■ Exercise
Every line of the data below is to be duplicated exactly, pictures excepted.

■ Record extracts
□ □ □ □ □

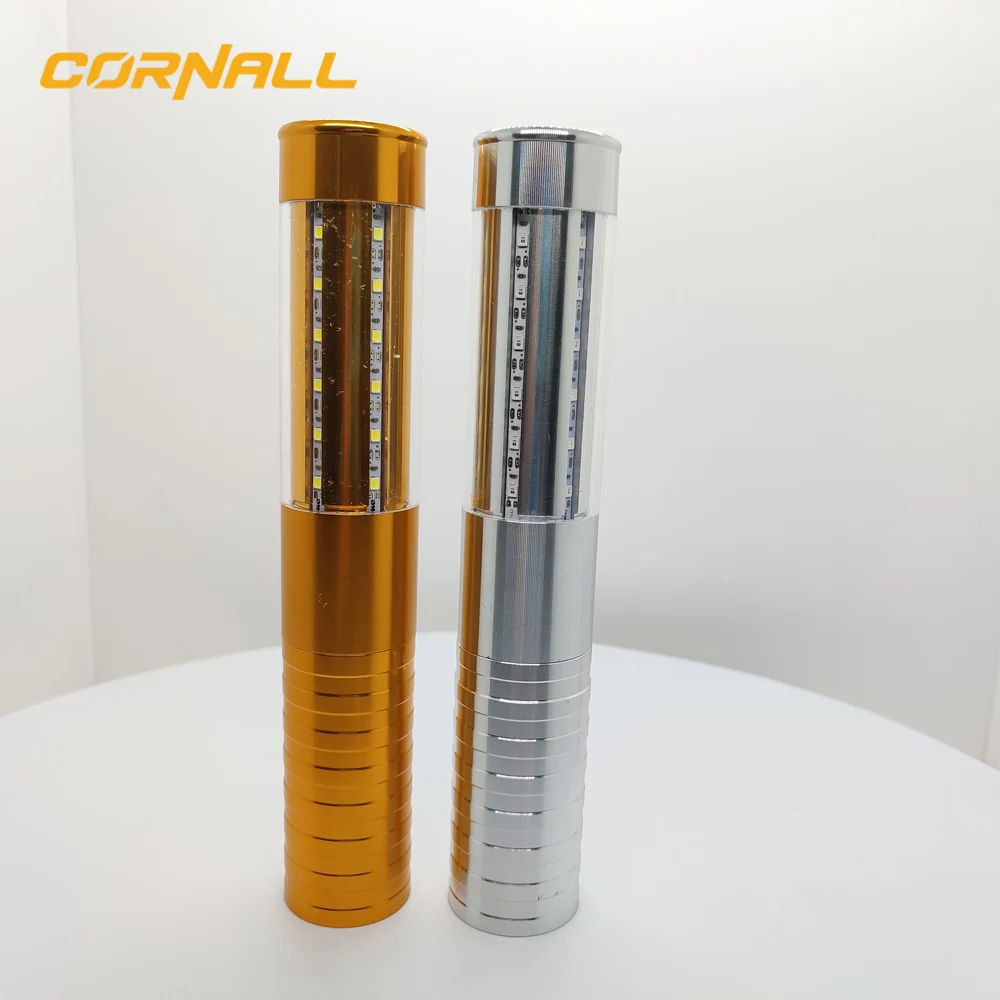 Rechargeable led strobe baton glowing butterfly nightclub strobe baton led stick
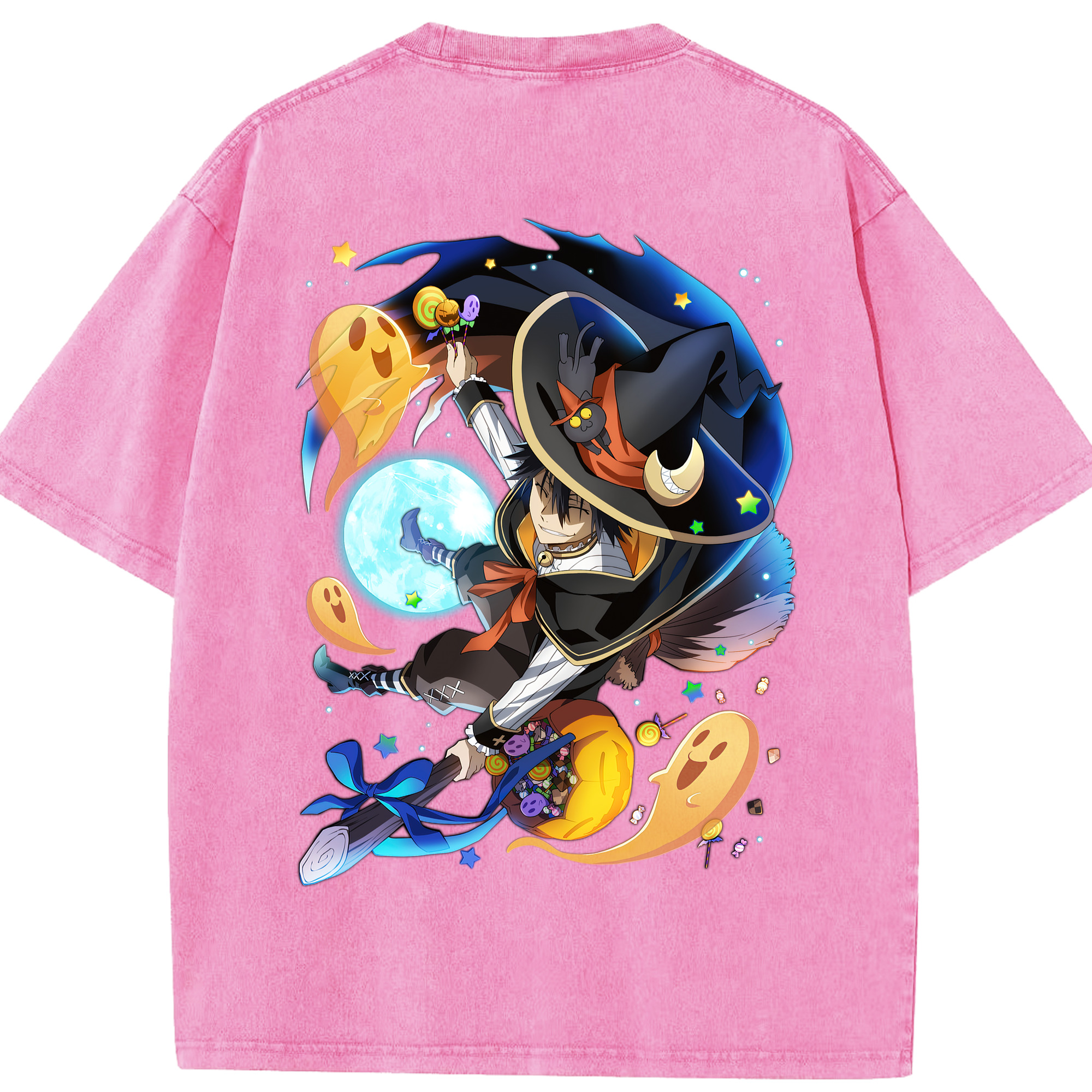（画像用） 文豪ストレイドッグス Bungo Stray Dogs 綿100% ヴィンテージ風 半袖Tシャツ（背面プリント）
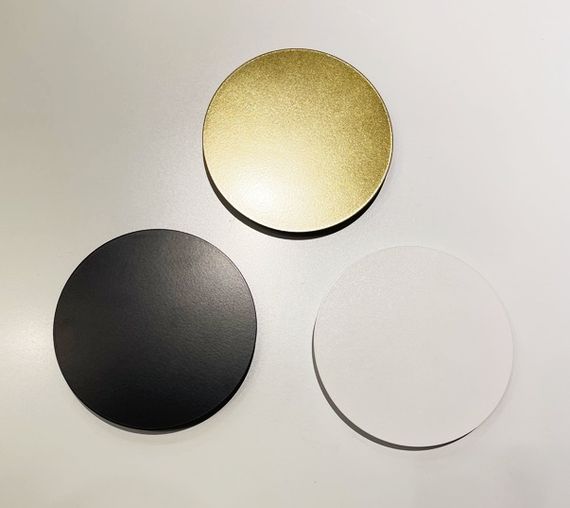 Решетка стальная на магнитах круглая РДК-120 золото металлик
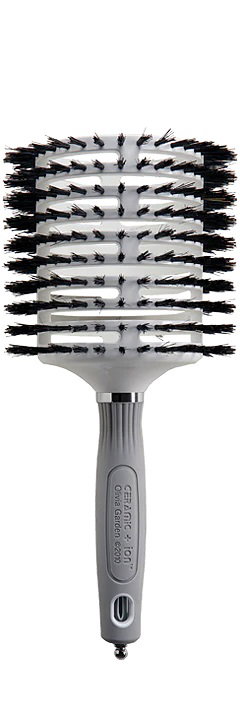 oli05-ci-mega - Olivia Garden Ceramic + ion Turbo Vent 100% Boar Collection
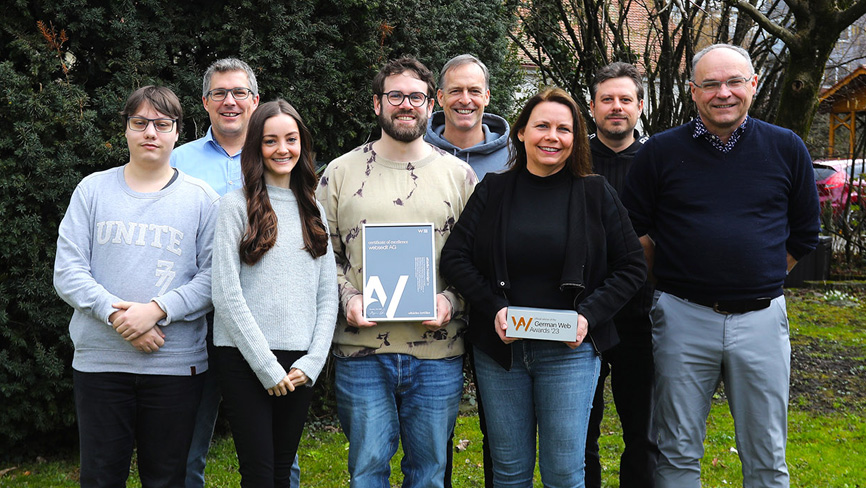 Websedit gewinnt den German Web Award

□ □ □ □ □

■ Task result
 Rechargeable led strobe baton glowing butterfly nightclub strobe baton led stick
（画像用） 文豪ストレイドッグス Bungo Stray Dogs 綿100% ヴィンテージ風 半袖Tシャツ（背面プリント）
 Решетка стальная на магнитах круглая РДК-120 золото металлик
 oli05-ci-mega - Olivia Garden Ceramic + ion Turbo Vent 100% Boar Collection
 Websedit gewinnt den German Web Award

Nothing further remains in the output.